Perhaps. I can see the latter being the domain of most consumer debt. When people charge things up on credit cards, then get the bill and say “umm, I can’t pay this now but I’ll pay it later” – that’s bad debt. Unless there are extenuating circumstances, it’s just not sound judgement to take on such debt. There is blame to be dished out, and it falls squarely on the consumer.
However, some debt is considered good. Or, maybe better put, not as bad. Student loans, if reasonable, can be good debt. If excessive, and for an education consisting of an unemployable major or from an overpriced school, it can be bad debt. This is another topic for another post, which will be a good time to get into that discussion.
In this case, one type of debt that seems to fall into the middle of good and bad is housing debt. Now, most people realize that a mortgage isn’t good debt. That being said, I have heard a few people – including one I had thought was otherwise quite sharp – actually try to argue that it’s okay to take on a bigger mortgage because you get a bigger tax deduction. HELLO! That makes no sense, and I don’t find that to be true!
Okay, so we can rationally agree that mortgage debt isn’t good. But is it bad? This is where some folks – and I think perhaps most – think that it’s just a normal part of life. In other words, it’s just what you do. You grow up, get married, and get a house. Or maybe you don’t get married but get one, or you buy a condo instead. Or, perhaps you do what another blogger did and choose to live in a low cost of living country. Whatever the case, taking on a mortgage and buying a home seem to go hand in hand, like a couple 🙂 And, almost like a rite of passage for many adults.

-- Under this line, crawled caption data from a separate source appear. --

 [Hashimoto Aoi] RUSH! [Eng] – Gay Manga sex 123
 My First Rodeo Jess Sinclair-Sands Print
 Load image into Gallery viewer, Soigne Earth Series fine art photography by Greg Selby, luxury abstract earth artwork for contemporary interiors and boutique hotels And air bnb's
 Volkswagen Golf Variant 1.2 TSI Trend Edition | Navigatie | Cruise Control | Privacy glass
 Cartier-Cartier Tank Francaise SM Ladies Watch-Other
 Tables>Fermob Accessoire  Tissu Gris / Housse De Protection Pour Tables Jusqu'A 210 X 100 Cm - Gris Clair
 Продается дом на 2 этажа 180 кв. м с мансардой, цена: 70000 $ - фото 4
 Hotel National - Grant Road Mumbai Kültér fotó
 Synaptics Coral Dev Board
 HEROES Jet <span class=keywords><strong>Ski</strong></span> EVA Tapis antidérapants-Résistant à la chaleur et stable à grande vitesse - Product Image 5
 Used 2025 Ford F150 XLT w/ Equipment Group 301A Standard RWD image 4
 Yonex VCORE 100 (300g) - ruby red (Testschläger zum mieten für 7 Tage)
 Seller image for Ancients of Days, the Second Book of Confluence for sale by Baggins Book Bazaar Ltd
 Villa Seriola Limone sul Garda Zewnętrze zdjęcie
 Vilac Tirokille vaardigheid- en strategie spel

Does it have to be that way? Well, maybe it’s just realistic for folks who want to buy to take on a mortgage, the way our society is set up. However, maybe it should be a matter of practice to genuinely viewing housing debt as being at least semi-bad – and that we should eliminate mortgage debt quickly . The way to do this might be to get rid of the mindset that a 30-year mortgage is normal, and aim for a 10 to 15 year payoff period instead.
Think about two things:
1) Wouldn’t it be great to go through your monthly expenses, and know that NOTHING is being spent on a mortgage (or rent)?
2) Remember that there are tons of home-related expenses that you already have to pay anyway. One of which is taxes, which won’t go away – and is an example of why you truly don’t ever really own your home free and clear. (Yes, you can have the mortgage paid but you don’t want to see how fast the home can be taken away if you never pay your taxes. Those don’t go a way when the mortgage is over!)
My Questions for You
When looking at debt on the dimensions of good or bad, how would you characterize mortgage debt?
Do you think most of us are too cavalier in how we consider mortgage debt to be so “normal”?
What are your thoughts on the notion that we don’t truly ever own our homes?